Convolutional Neural Networks (CNNs) have been established as a powerful class of models for image recognition problems. Encouraged by these results, we provide an extensive empirical evaluation of CNNs on large-scale video classification using a new dataset of 1 million YouTube videos belonging to 487 classes. We study multiple approaches for extending the connectivity of a CNN in time domain to take advantage of local spatio-temporal information and suggest a multiresolution, foveated architecture as a promising way of speeding up the training. Our best spatio-temporal networks display significant performance improvements compared to strong feature-based baselines (55.3% to 63.9%), but only a surprisingly modest improvement compared to single-frame models (59.3% to 60.9%).

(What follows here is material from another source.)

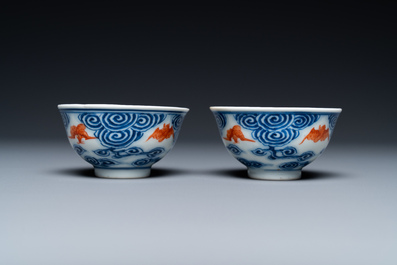 Une paire de tasses en porcelaine de Chine en bleu, blanc et rouge de fer et une coupe aux dragons, marque et &eacute;poque de Guangxu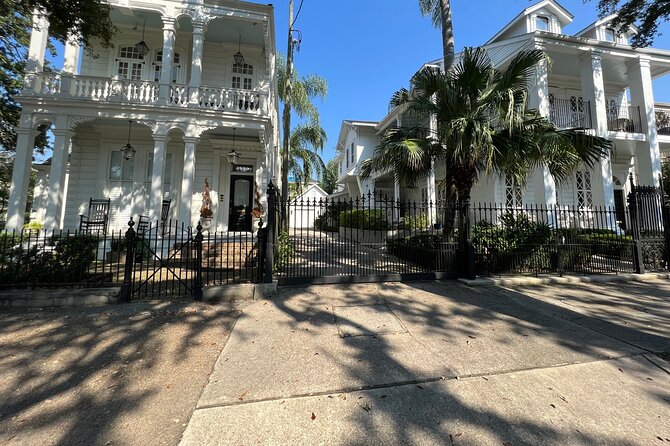 Garden District Architecture Walking Tour in New Orleans - Inclusions and Cancellation Policy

We further study the generalization performance of our best model by retraining the top layers on the UCF-101 Action Recognition dataset and observe significant performance improvements compared to the UCF-101 baseline model (63.3% up from 43.9%).

CVPR 2014 Paper

  title     = {Large-scale Video Classification with Convolutional Neural Networks},
  author    = {Andrej Karpathy and George Toderici and Sanketh Shetty and Thomas Leung and Rahul Sukthankar and Li Fei-Fei},
  year      = {2014},
  booktitle = {CVPR}

Sports-1M Dataset

The Sports-1M dataset is licensed under Creative Commons 3.0 and contains 1,133,158 video URLs which have been annotated automatically with 487 Sports labels using the YouTube Topics API. To download the dataset, check out our Github Repository, or simply use:

$ git clone https://github.com/gtoderici/sports-1m-dataset.git

Then see the attached README for details.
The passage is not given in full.